Provai a sdrammatizzare, cercando di alleggerire l’atmosfera. "Dopo quello che è successo prima... non penso proprio di rivederla," risposi con un sorriso malizioso, sperando di strapparle almeno un mezzo sorriso. Il mio tono era scherzoso, ma sotto sotto sapevo che c’era qualcosa di vero nelle mie parole. Qualcosa tra noi era cambiato, un legame più profondo si era creato, anche se non era chiaro cosa sarebbe successo da quel momento in poi.

Lei scosse la testa, e per un attimo vidi la Carla di sempre tornare. La sua maschera di sicurezza tornava a prendere forma, ma dietro quegli occhi c’era ancora la traccia di quel momento di vulnerabilità. Forse, per la prima volta, mi stava mostrando una parte di sé che non aveva mai rivelato a nessuno.

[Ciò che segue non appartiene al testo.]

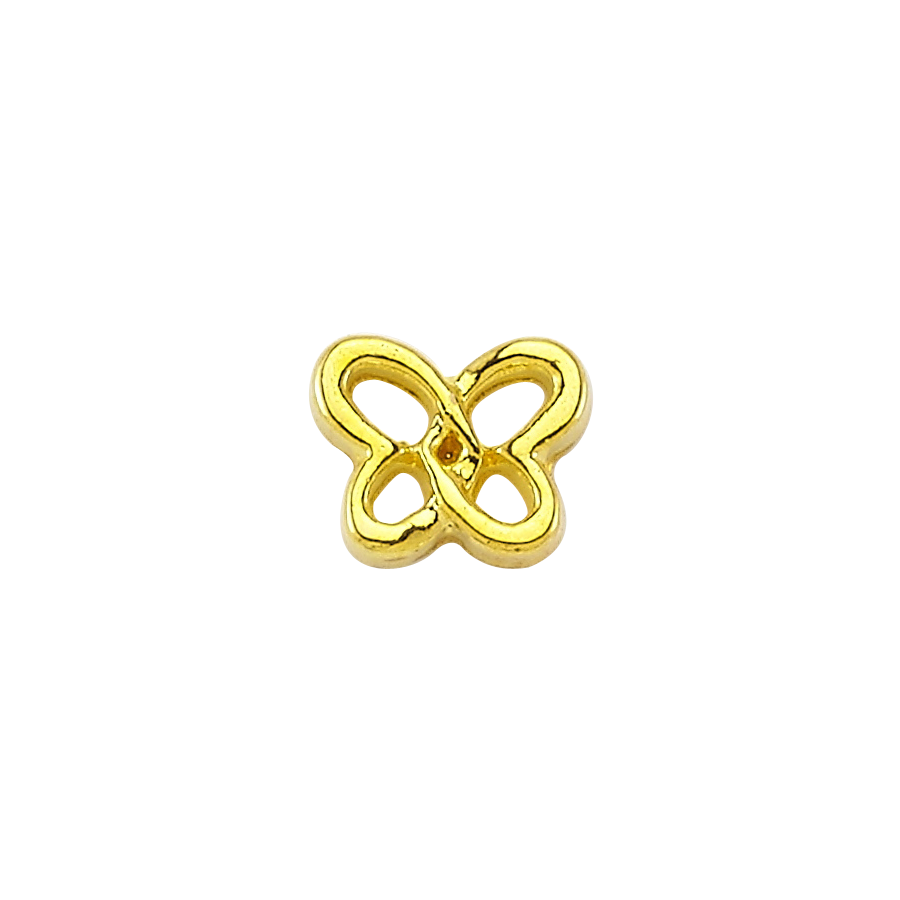 Kelebek - gold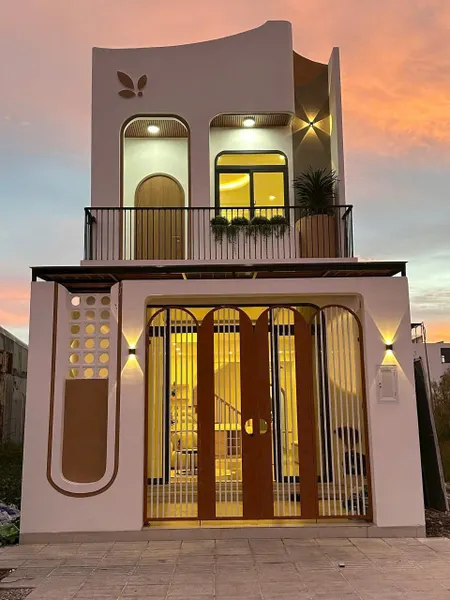 🏠 NHÀ FULL NỘI THẤT PHONG CÁCH WABI SABI – CỰC ĐẸP TẠI ĐƯỜNG SỐ 13, KĐT TÂY BẮC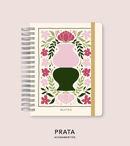 Capa + Espiral - Moderna
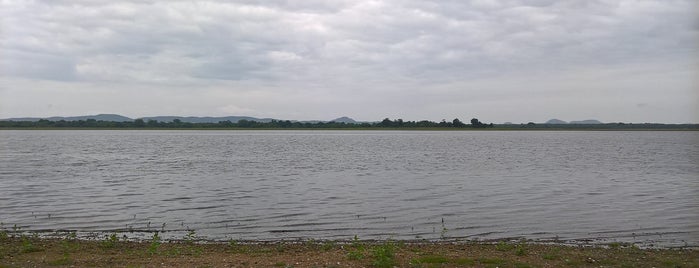 Parakrama Samudraya is one of Trip to Sri Lanka.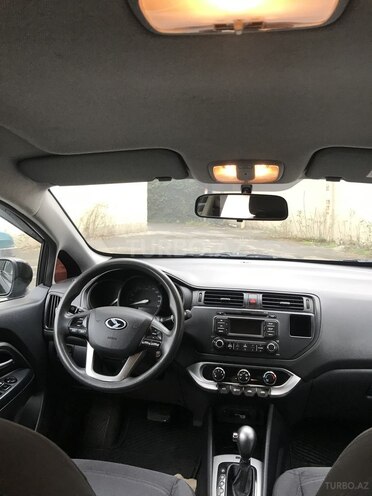 Kia Rio 2013, 129,000 km - 1.4 l - Bakı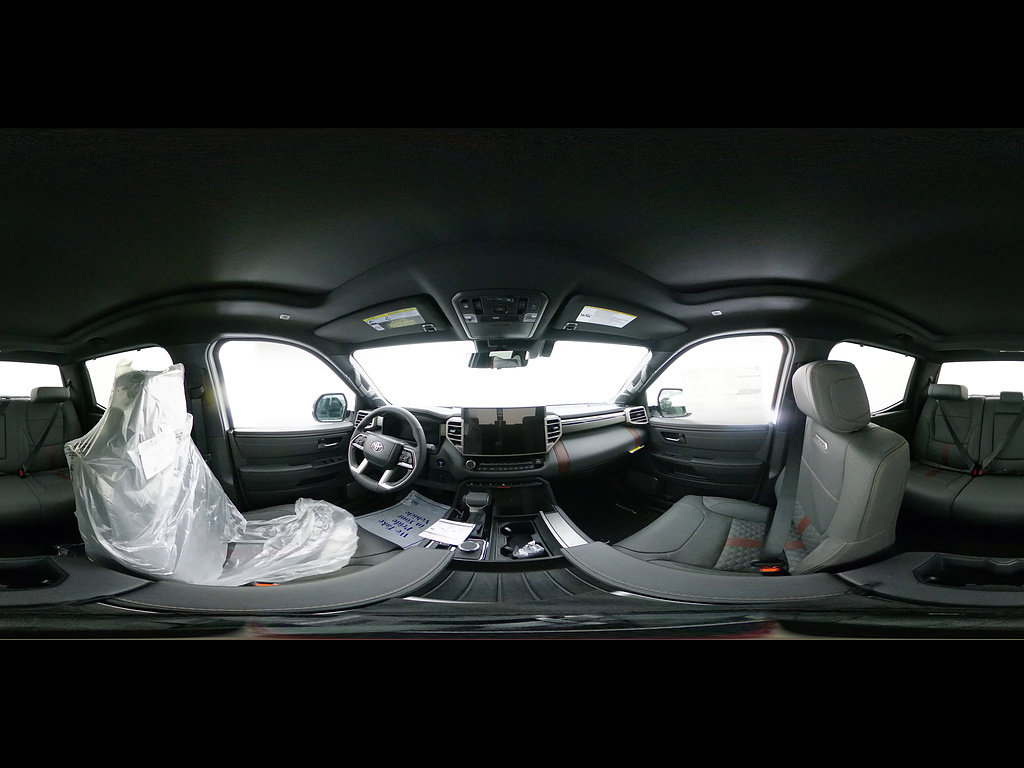 New 2026 Toyota Tundra Capstone AWD/4WD image 2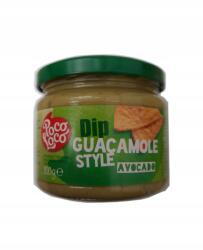 Poco Loco Salsa Guacamole Style Avocado Dip 300g Poco Loco (5412514999957)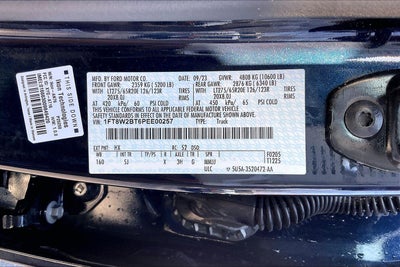 2023 Ford Super Duty F-250 SRW XL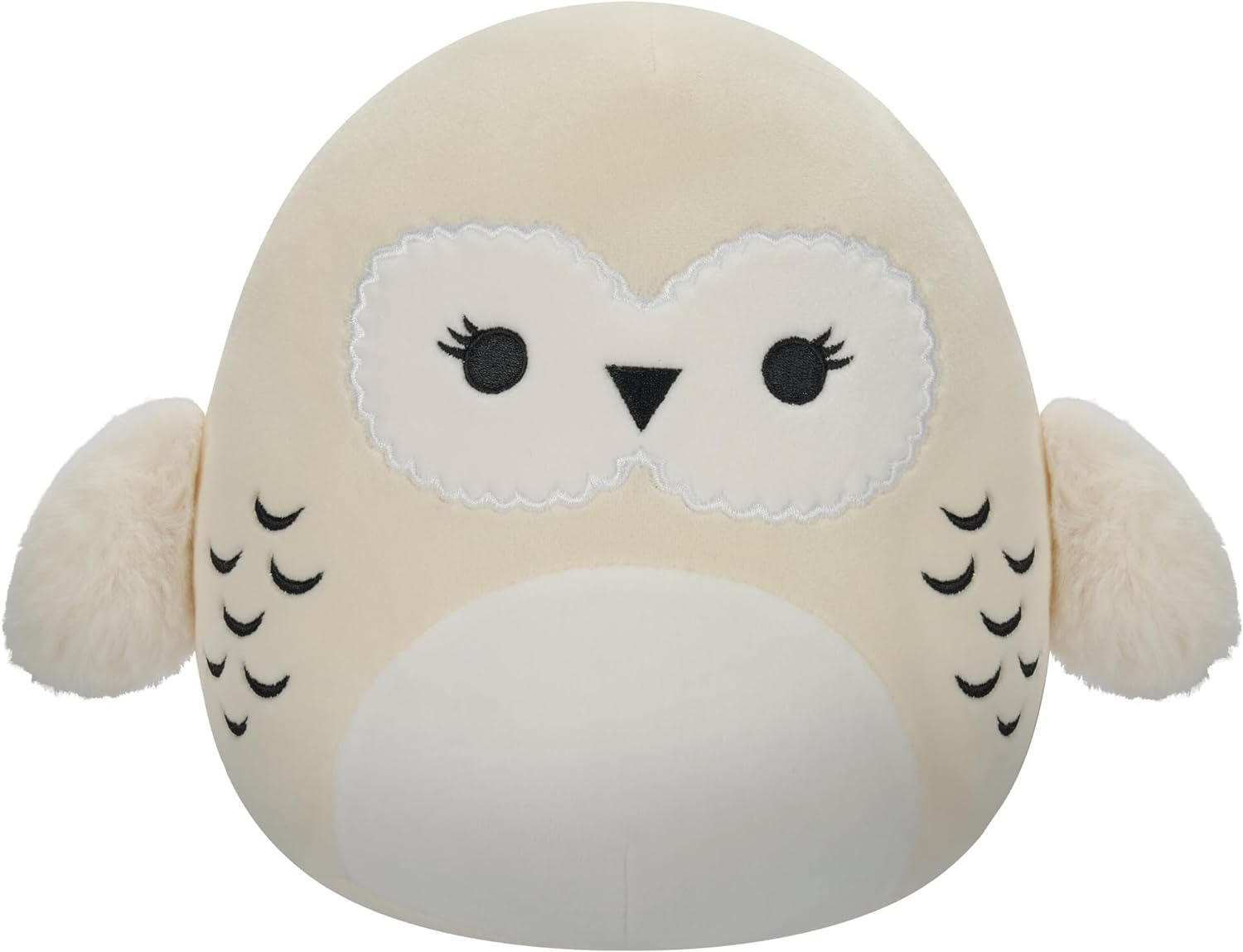 Squishmallows Harry Potter 10-Inch plushes Harry Potter, Ron Weasley,  Hermione Granger and Hedwig 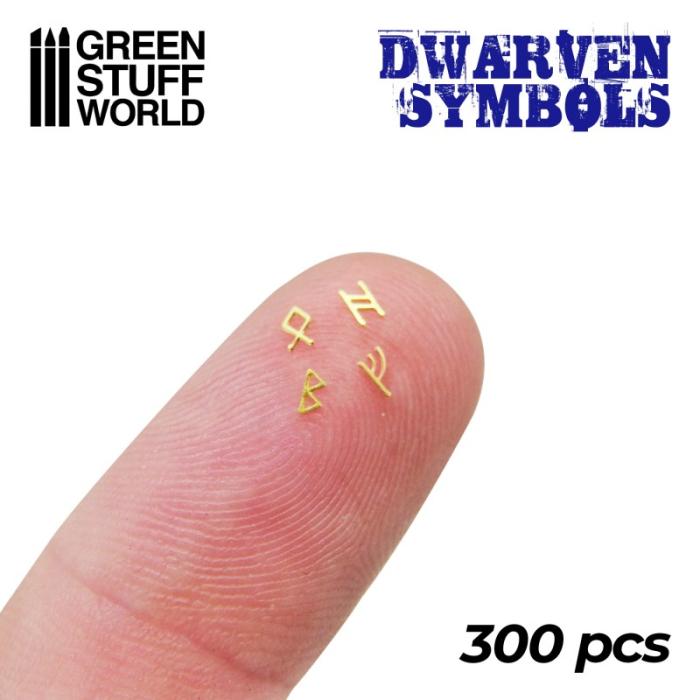 GSW - Dwarven Runes and Symbols [2]
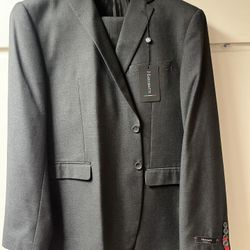 Dark Grey Men’s suit 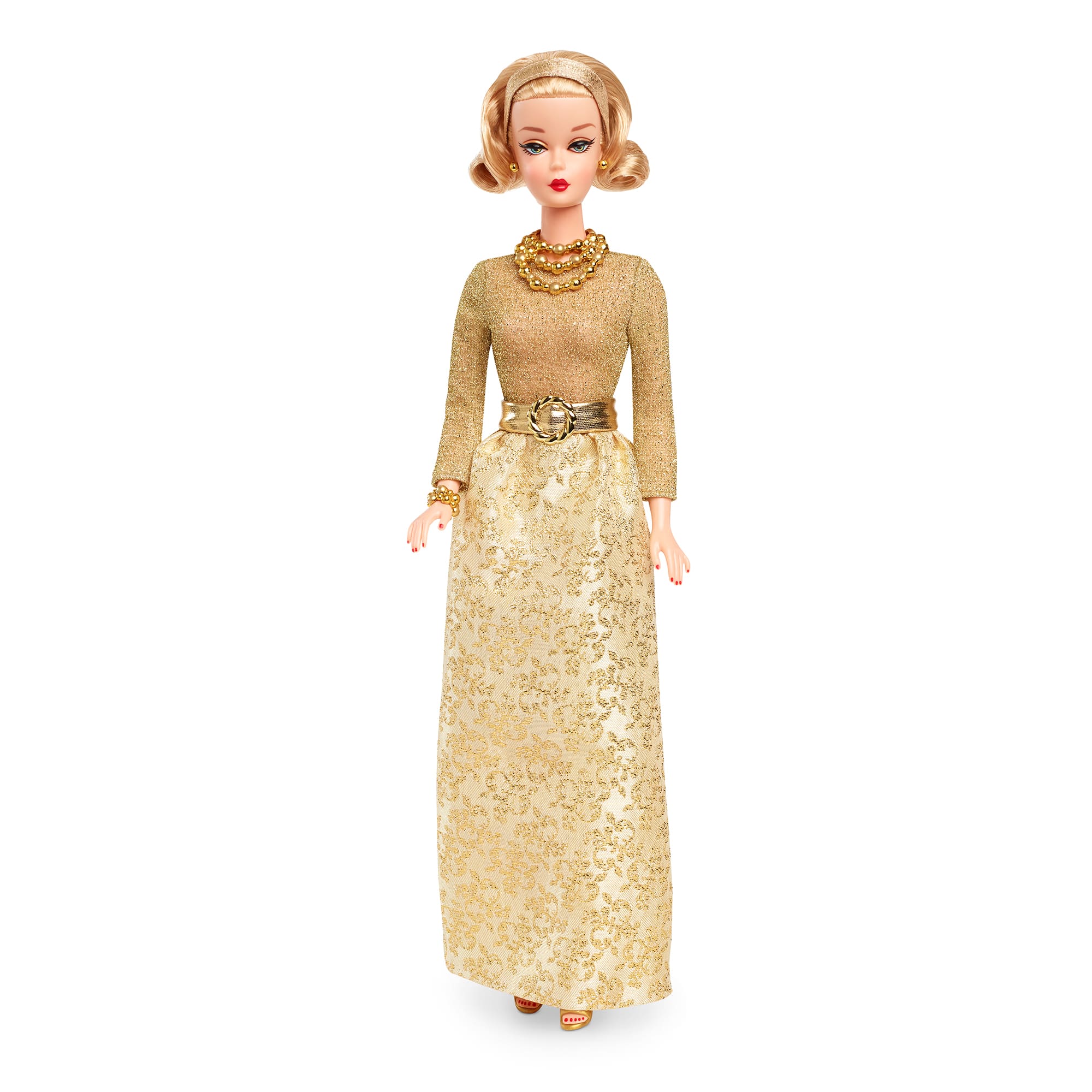 Mattel Creations 12 Days of Christmas Barbie Doll and Accessories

La salutai con un cenno e un sorriso, mentre lei scendeva dalla macchina. Non ci fu bisogno di altre parole. Ci guardammo un’ultima volta prima che chiudesse la portiera e si dirigesse verso casa. Mentre la osservavo sparire sotto la pioggia, sapevo che, anche se nulla era stato detto apertamente, qualcosa tra noi era inevitabilmente cambiato. Forse quel gioco perverso di potere non era finito, ma il suo volto, il suo sguardo e la sua richiesta non avevano più il solito alone di provocazione.

Accesi la macchina e mi rimisi in marcia. Ero consapevole che la nostra relazione fosse complicata, ma per qualche motivo, mi sentivo più legato a lei che mai.

Fu solo una volta tornato a casa che il mio telefono vibrò. Un messaggio. Lo aprii senza troppe aspettative, ma rimasi sorpreso nel leggere:

*"Che ne dici se domani vieni da me e facciamo dei biscotti?"*

Rimasi a fissare lo schermo per un momento, incredulo. Carla? Biscotti? Non era assolutamente da lei. Di solito le sue proposte erano molto più provocatorie, taglienti, e di certo non includevano nulla che avesse a che fare con cucinare insieme. Questa richiesta sembrava quasi fuori luogo, distante dalla ragazza che conoscevo, quella che giocava con il potere e l'ironia pungente.

Eppure, dentro di me si accese una curiosità. Forse era la sua prima vera apertura, una finestra su una parte di lei che finora aveva tenuto ben nascosta, un tentativo di avvicinarsi in modo diverso, senza maschere, senza sfide continue. Carla che mi invitava a fare biscotti? Non era da lei, ma qualcosa mi spingeva ad accettare.

Senza battere ciglio, le risposi con un semplice:

*"Va bene, a che ora?"*

E mentre chiudevo il telefono, non potevo fare a meno di chiedermi cosa mi aspettasse il giorno dopo. Forse era solo una scusa, un altro gioco. O forse, per la prima volta, avrei conosciuto una Carla più onesta con se stessa.